MINDANAO is no stranger to violence. Insurgency, crime and family squabbles that spiral into clan wars, or rido, sapped for decades what could have been the country’s “breadbasket.” But the Maguindanao massacre of 52 civilians, including 25 journalists, plumbed new depths of savagery.
“Man is the cruelest animal,” Friedrich Nietzsche wrote. “At tragedies, bullfights, and crucifixions he has so far felt best on earth. And when he invented hell for himself, behold, that was his very heaven.”
The victims in the ambushed five-vehicle caravan were heading for Shariff Aguak. They were to file a certificate of candidacy for Buluan Vice Mayor Esmael Mangudadatu. He planned to challenge Andal Ampatuan for the governor’s post.
The women were accompanied by a media delegation, Sun Star reported. “They believed they were safe, protected by the Koranic prescription to spare women... No one could have predicted the ruthlessness that met the group.”
The women were slapped, made to eat Comelec forms and raped. Some were run over by vehicles. Others were beheaded, a crime Abu Sayyaf gleefully copied from Japanese World War II soldiers.

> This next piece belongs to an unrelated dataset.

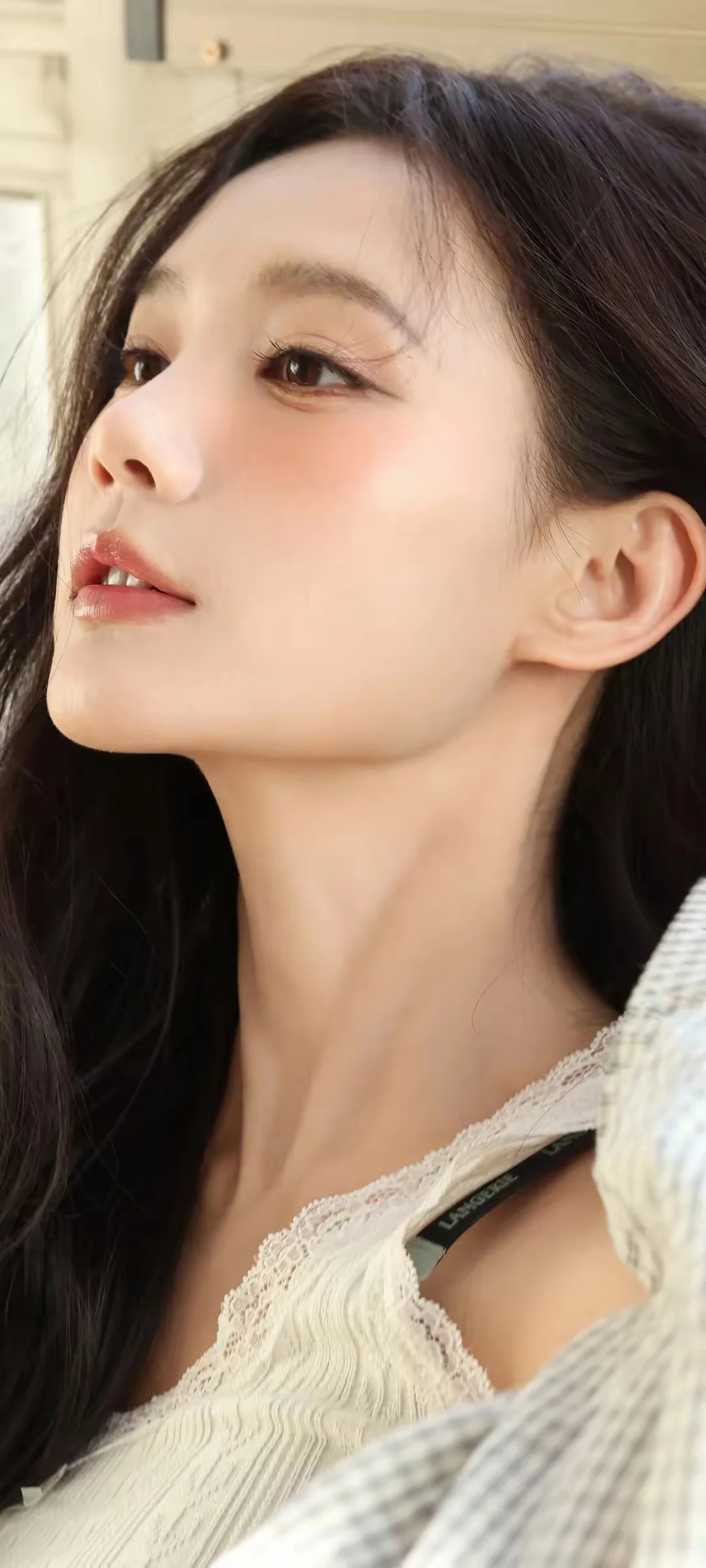 李一桐肉妞妞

Bodies recovered included those of Mangudadatu’s wife, Genalyn, his two sisters and two lawyers. They were sprawled on the ground about three miles from where they were ambushed. Authorities dug up 23 bodies in a hillside mass grave. A provincial government backhoe, emblazoned with Governor Ampatuan’s name, was parked nearby
“The murders break all the rules of the blood feuds known as rido in Mindanao,” commented The National, an Abu Dhabi newspaper. “Until now, women, children and old people were never touched in rido,” The New York Times news blog quotes journalist Marites Vitug. “But Monday’s atrocity has changed all that.”
President Macapagal-Arroyo allowed the arming of her allies, like the Ampatuans. Now, she girds for the likelihood of massive retaliation. Those who sow the wind, reap the whirlwind.

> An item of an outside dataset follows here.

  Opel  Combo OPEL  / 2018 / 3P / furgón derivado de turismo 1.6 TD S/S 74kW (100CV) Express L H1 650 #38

Could these new depths of savagery have been foreseen?
Yes, guardedly reply two scholars, Ed. B. Prantilla and Ed. D. Cruz of the University of Southern Philippines. But a computer model is not a substitute for justice and law enforcement, they caution.
Prantilla and Cruz have been crafting a computer model that would pinpoint factors that trigger violence in the Autonomous Region in Muslim Mindanao. In the ARMM, 36 percent of disputes, ranging from car smash-ups and water shortages to marriage dowries—led to clan wars or ridos.
In 2007, an Asia Foundation study identified 1,266 cases of rido feuds in Mindanao, going back to the 1930s. The report noted, “Out of the total number of rido cases documented, 64 percent remain unresolved. And half of the feuds began since 2000.”
Prantilla and Cruz sifted through 2,784 disputes in their paper, “Forecasting Incidence of Violent Disputes in ARMM.” They found the incendiary “triggers” include: (a) the dispute swirls around women, (b) involves maratabat or affront to dignity, usually in Muslim upper classes; (c) the parties are armed (d), somebody caused death to a member of the disputants.
If the parties are also literate, “the probability that a dispute will escalate into rido is 83 percent,” Prantilla and Cruz believe. “Its human cost cannot be overestimated.”
Political disputes in fact come behind five other “triggers.” Land disputes are the most volatile, followed by theft, conflicts with neighbors, family feuds and marital squabbles.
“There is some attraction in being able to forecast if a dispute will escalate into a violent one. Such capacity would enable one to intervene and defuse conflict. But can we really unravel the complex elements [that cause a dispute to erupt]?” Prantilla and Cruz ask.
Perennial violence in Mindanao is “extremely unstructured,” they point out. “Stakeholders don’t agree on root causes of the problem, hence also its solution.” As a result, armed conflict saps the economic development of the island, and beggars most provinces, particularly those in the ARMM.
Life expectancy in Maguindanao, for example, is 57 years, almost a generation shorter than La Union’s 74. Out of every 100 residents, 44 are functionally illiterate. And 45 percent lack potable water. Maguindanao is bracketed between Swaziland and Ghana by Philippine Human Development Report 2009.
The ARMM population has grown from 2,803,045 in 2000, to 4,120,795, as reported in the criticized 2007 Census of Population. That means an annual population growth rate of 5.46 percent—almost double national levels.
Often, protagonists have relatives in both rebel groups and clans. Thus, a clan war often escalates into an encounter between the Armed Forces of the Philippines and the Moro Islamic Liberation Front (MILF). Aborting a rido early can defuse conflict.
“They’re SOBs. But they are our SOBs.” The Arroyo regime used that old cynical yardstick to stay in power. Will the national and international uproar see the Ampatuans become an exception?